The veteran would need to make at least the semi-finals to book a berth to Rio, which would be her second successive and last Olympic appearance if she makes the cut. "The basics of how I fight have not changed because it is difficult to alter your original style but I have been trying to improve endurance, speed. I have worked on how to attack faster. I used to be very attacking and I have tried to regain that with the help of my coaches," she explained.
"This time, I have tried to go back to that old style of attacking more and if the opponent is attacking, then I have worked on my reflexes to ensure that I can match the pace. I have worked on shifting gears.
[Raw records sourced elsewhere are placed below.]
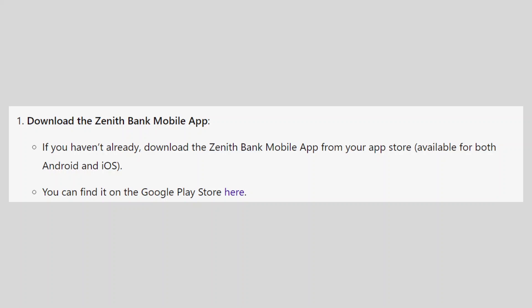Download the Zenith Bank mobile app from your app store. You can find it on the Google Play Store here.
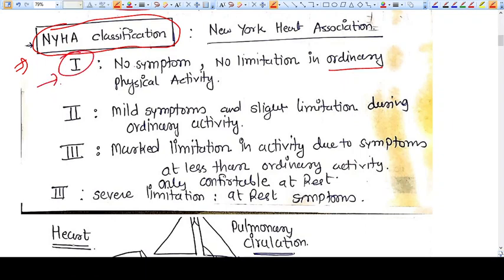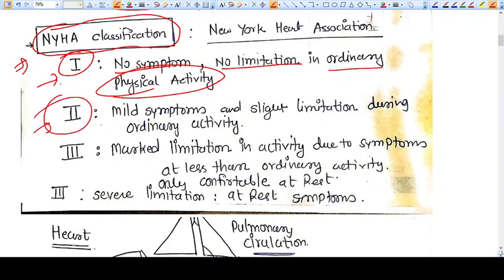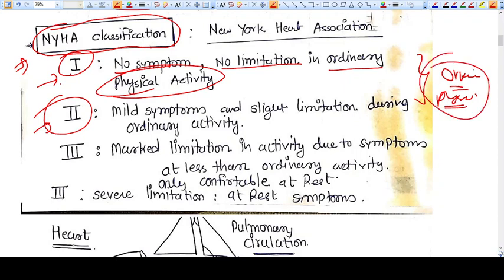What is Category 1? No symptoms, no limitation in ordinary physical activity. Remember, the first two categories — Category 1 and Category 2 — are measured in ordinary physical activity. For example, you are sitting on the bed and you want to go get some water — this is called ordinary physical activity. Driving a car or buying something from a shop is also called ordinary physical activity.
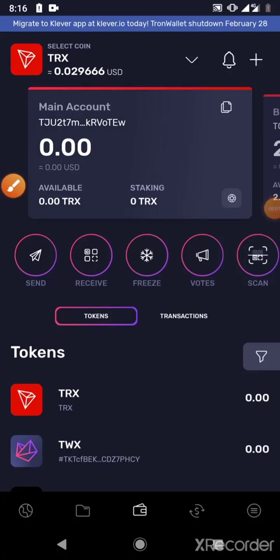In this video, I'm going to be showing you how you can move your Tron Wallet assets to Clever Wallet. As you all know, Tron Wallet will be shutting down on the 28th of February. Tron Wallet users have been advised to move to Clever App.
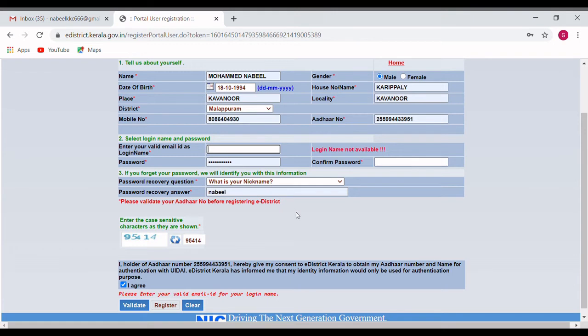I have created it. You can create a portal user. That is why you have a 24-year-old service. This is the district where you apply. So, we are going to apply for 26 services like the position certificate, nativity, income, community, caste certificates, and non-criminalization certificates.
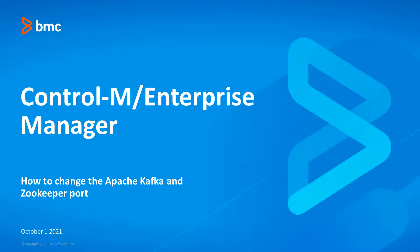In this video, we will show you how to change the Apache Kafka and ZooKeeper port in the Control-M Enterprise Manager. This can be helpful if the default Apache Kafka port and ZooKeeper port cannot be used.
I have this ability of catching fast opponents, I have worked hard to improve my reaction time," she said.
Five world titles and one Olympic medal later, Mary Kom said there is very little left to prove for her even though the never-ending questions on whether she can do it again do
rankle. "It is hurtful sometimes and makes me wonder whether I would qualify or not," she said.
Described as 'Magnificent Mary' by the International Boxing Association (AIBA), the latest feather in Mary Kom's well-adorned cap is the Rajya Sabha membership given to her. Rather amused by the honour, Mary Kom said the animated discussions in the house left her a tad shaken when she sat to witness the proceedings after oath-taking.
"After oathtaking, I sat for few minutes, there was so much noise all around and I was wondering what is happening. May be when I sit there for a few more times, I would get used to it. I hope nobody shouts at me," she laughed.
"On a serious note, I am not focussed on politics because I have a huge assignment in front of me. I am thankful to the President and the Prime Minister for giving me this honour. I will try to serve sports as well as I can during this stint. I will also try to ensure that I am a voice of the North-East," she said.
But she ruled out foraying into professional boxing, which has made rapid strides in India after Vijender Singh's sensational run in the circuit.
"Pro boxing is very diffcult. It's not an option for me. In India, the quality of competition is not there for me to take the plunge," she said.